Si le signe de ralliement du groupe reste la voix grave de Matt Berninger, Alligator affiche une personnalité et une cohérence musicale révélatrices de l’implication de chacun des membres, avec une mention particulière pour le travail du batteur Bryan Devendorf sur la trilogie rock de "Lit Up", "Abel" (épatant premier single) et "Mr. November". Habitée, fortement chargée émotionnellement, servie par des paroles crues et sexuellement déviantes ("Karen"), la musique de The National ressemble à une thérapie collective en provenance directe du fin fond de l’Ohio, et déclinée en treize sessions thématiques (petits secrets, hallucinations, psychorigidité, claustrophobie…).
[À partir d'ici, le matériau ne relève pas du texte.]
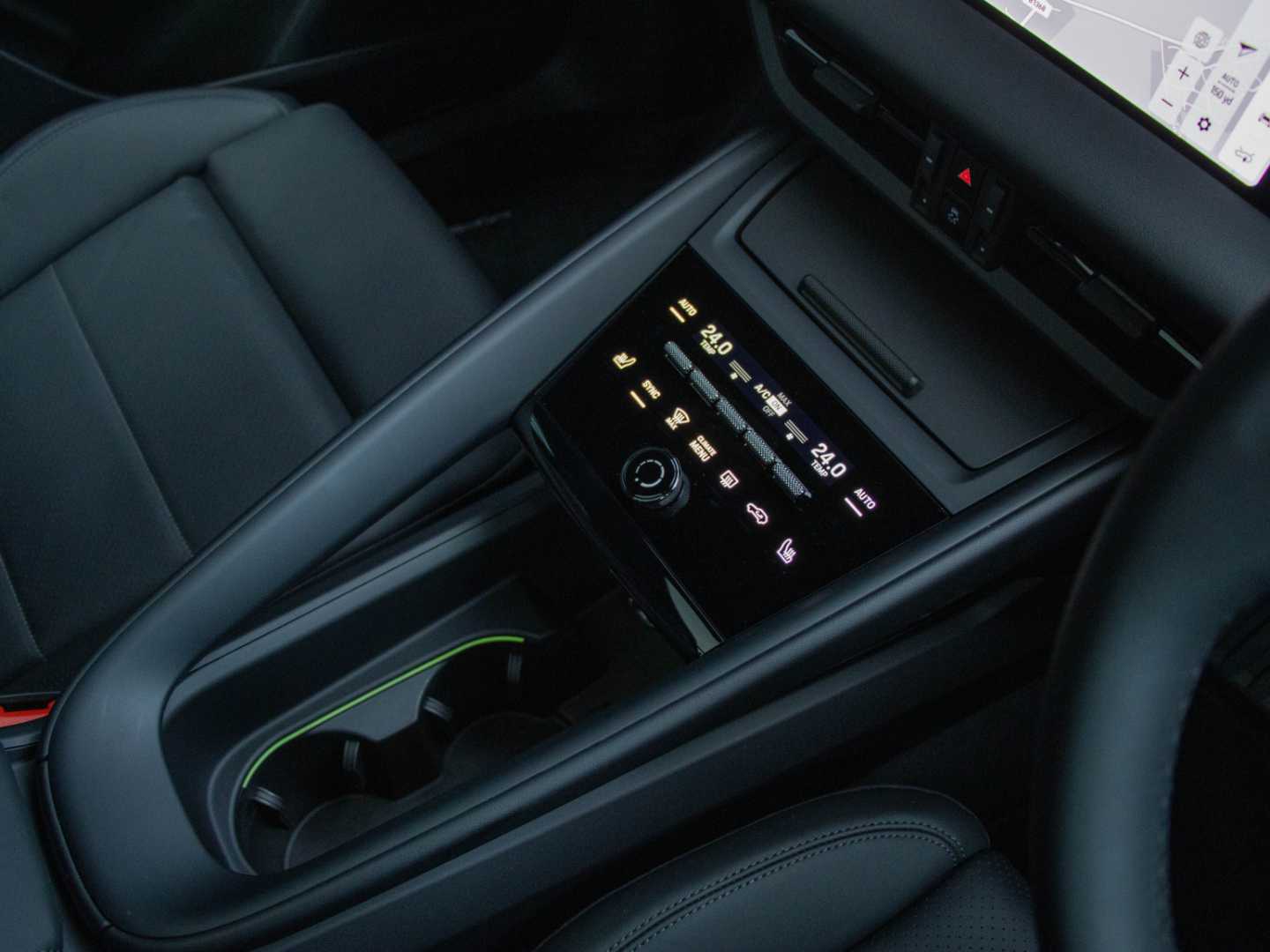 Used Porsche Macan 2024 for sale - 76636683: Photo 11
Peu de fausses notes à signaler dans ces 48 minutes de musique, traversées d’éclairs de génie, refusant toute facilité et ne révélant ses nombreux charmes qu’au fil des écoutes. On s’étonne néanmoins de l’inclusion de "All The Wine", déjà présent sur le "Cherry Tree EP" et ne méritant pas forcément cette double exposition. Détail mineur pour l’œuvre d’un groupe destiné à devenir majeur.